LTA, too, has broken up Singapore’s bus routes — with SBS Transit serving the northeastern region, SMRT serving the northern region, Tower Transit serving the western region and Go-Ahead Singapore serving the eastern region. Tower Transit has operations in both Singapore and London. Go-Ahead Singapore is a subsidiary of the Go-Ahead Group, which also operates buses in the UK, Ireland and Germany.
Under this model, Park says, bus operators enjoy a 40% subsidy on their operating expenses through government handouts, while 60% of their expenses will be funded from the fares collected.
Research house Daiwa Capital Markets says, “The new asset-light model aims to relieve operators of the burden of revenue and ridership risk, while also more effectively enabling the transmission of changes in the requirements of bus services as well as managing fleet capacity, while ultimately balancing the interests of all key stakeholders in tandem with population growth and an expected increase in the demand for high-quality public transport in Singapore.”
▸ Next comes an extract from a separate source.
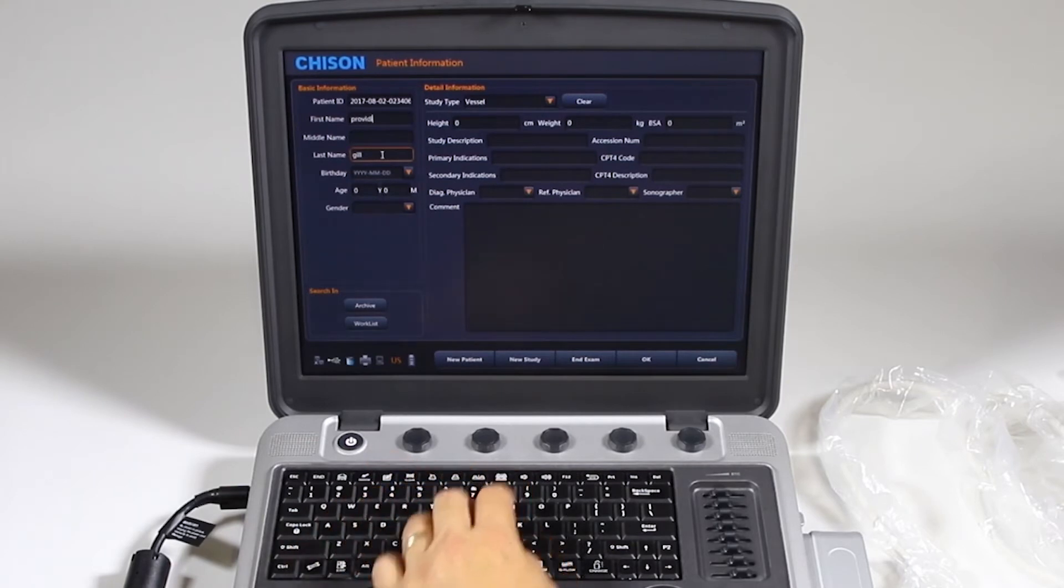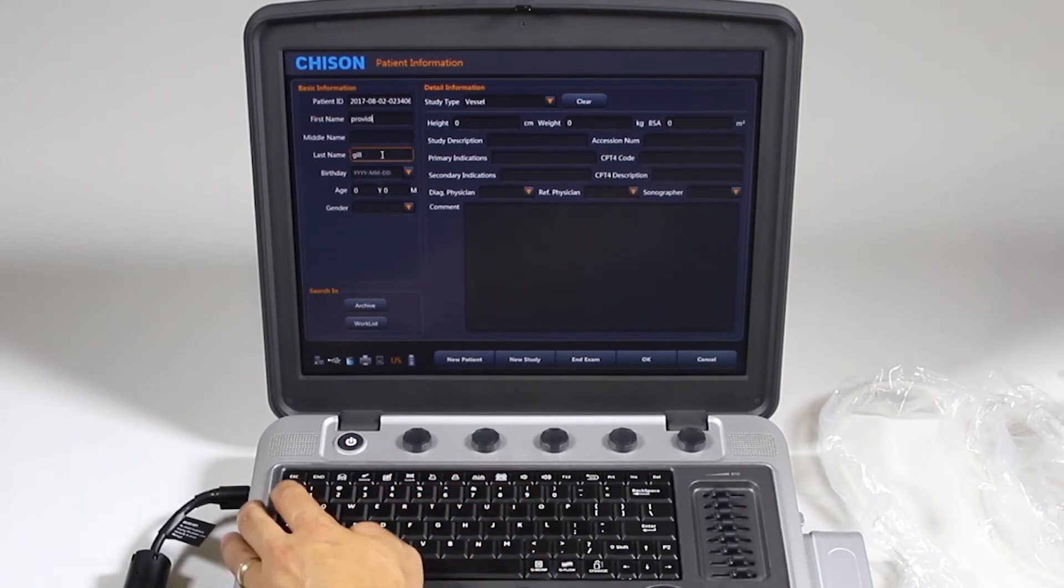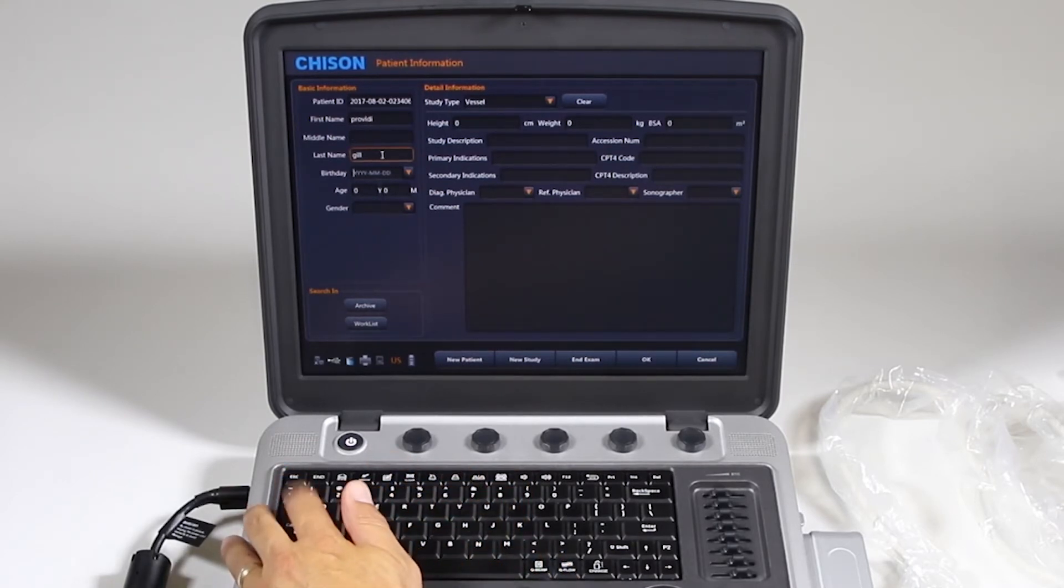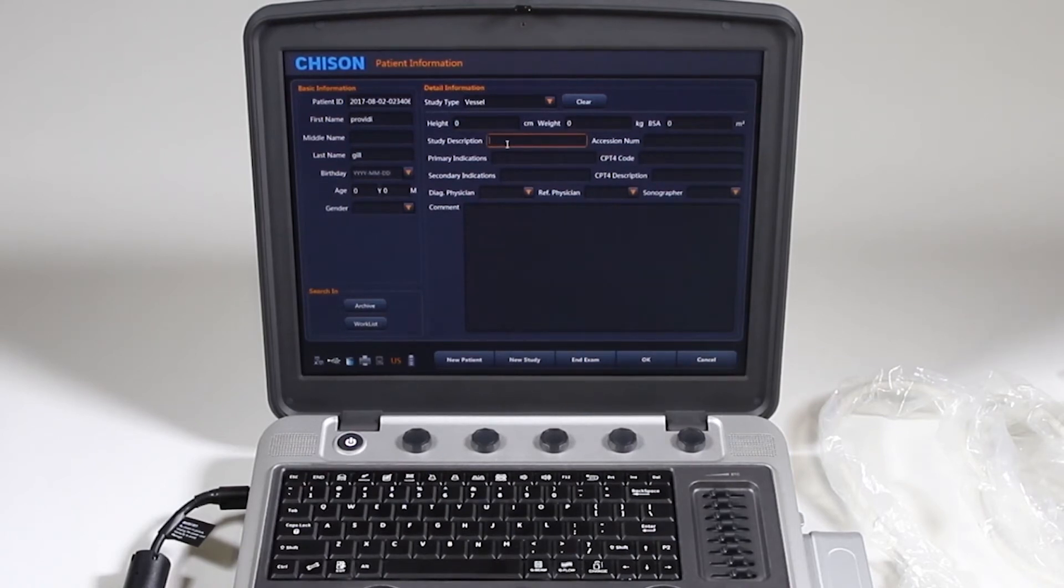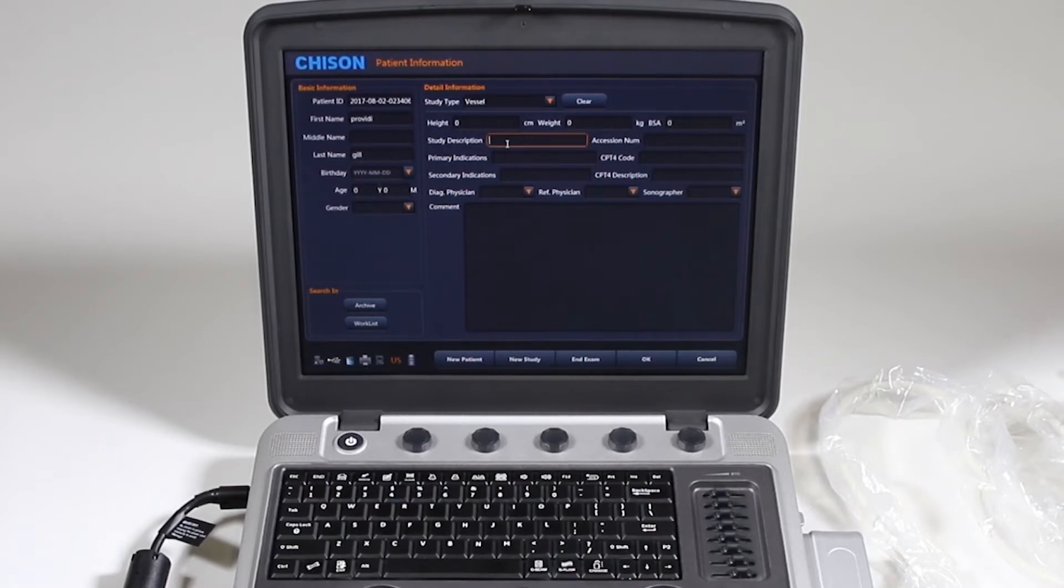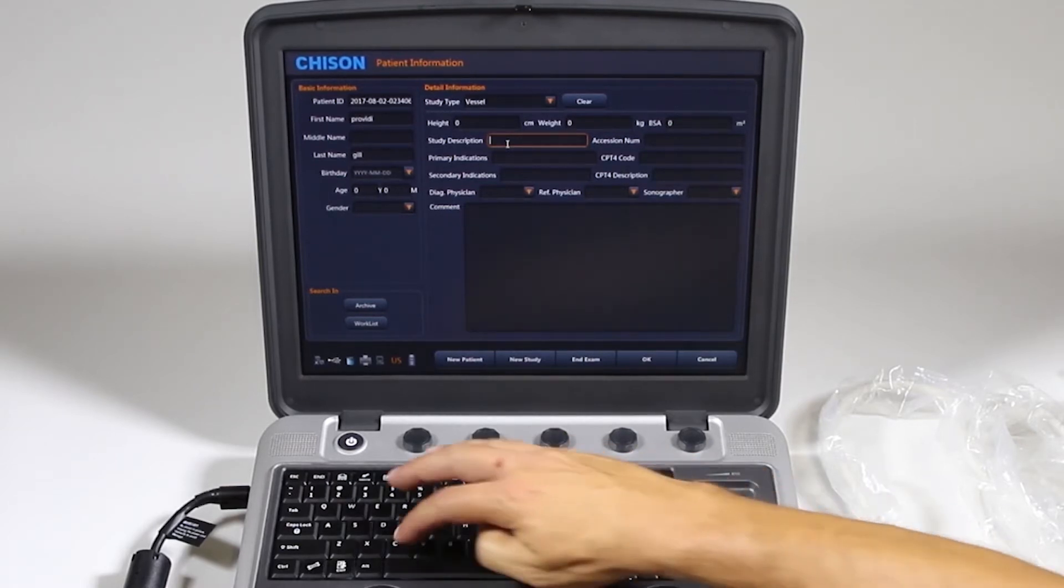I'll just put a quick name in and you can tab through these sections here. It goes to birthday, your study type, study description. If you do want something to show up on structured reports as your study type, you would type it in here.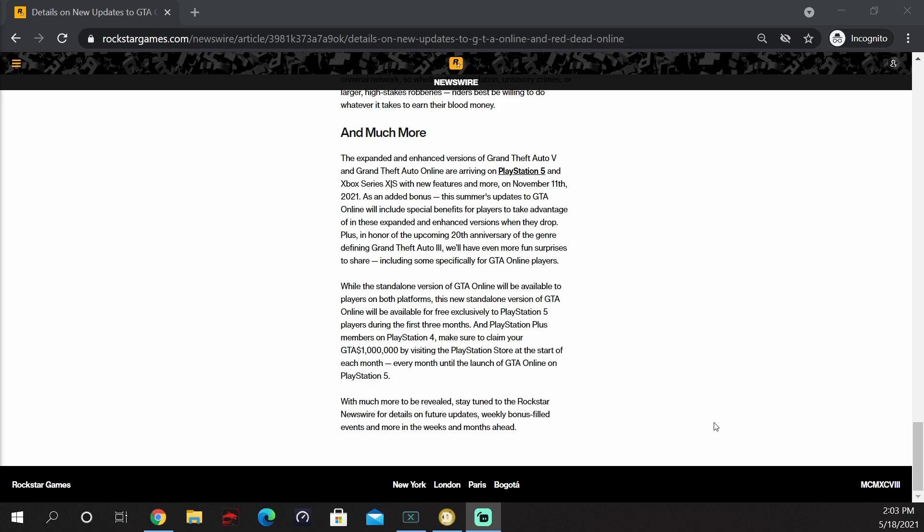And while the standalone version of GTA Online will be available to players on both platforms, this new standalone version of GTA Online will be available for free exclusively to PlayStation 5 players during the first three months. And PlayStation Plus members on PlayStation 4, make sure you claim your 1 million dollars by visiting the PlayStation Store at the start of each month, every month, until the launch of GTA Online on PlayStation 5. With much more to be revealed, stay tuned to Rockstar Newswire for details on future updates, weekly bonus-filled events, and more in the weeks and months ahead.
The operators have clearly benefited. SBS Transit posted a 27% y-o-y increase in 1QFY2017 earnings, the quarter just after the introduction of the model. More recently, the group enjoyed a 28.8% y-o-y growth in earnings to $25.4 million for 1QFY2019. It was able to generate an additional $71.4 million in 1QFY2019 revenue from its public transport business to $684.9 million, following higher mileage covered under the Bukit Merah Bus Package it won last year (see “Transport play: SBS Transit only proxy for defensive domestic demand, underpinning its overvalued share price” on Page 22).
Indeed, SBS Transit may just be the main beneficiary of the scheme. Park says having so many players may not exactly be the best solution, especially since “SMRT and SBS Transit have a stronger presence”.
Tower Transit Singapore has shown, however, that it is no pushover and is here to stay. Managing director Andrew Bujitor cites the operator’s training centre in Singapore as a mark of its commitment “to introducing international best practices and engineering know-how in the local public transport industry”.
While the stiffer competition sees the companies adopting various strategies to strengthen their foothold, commuters may make other demands of operators. The 2018 survey on Public Transport Customer Satisfaction showed that commuters were least satisfied with the waiting time for buses. After all, as 66-year-old Hazimah Yazid says, the bus operator is immaterial. “I just want it to come on time and take me from one place to another.”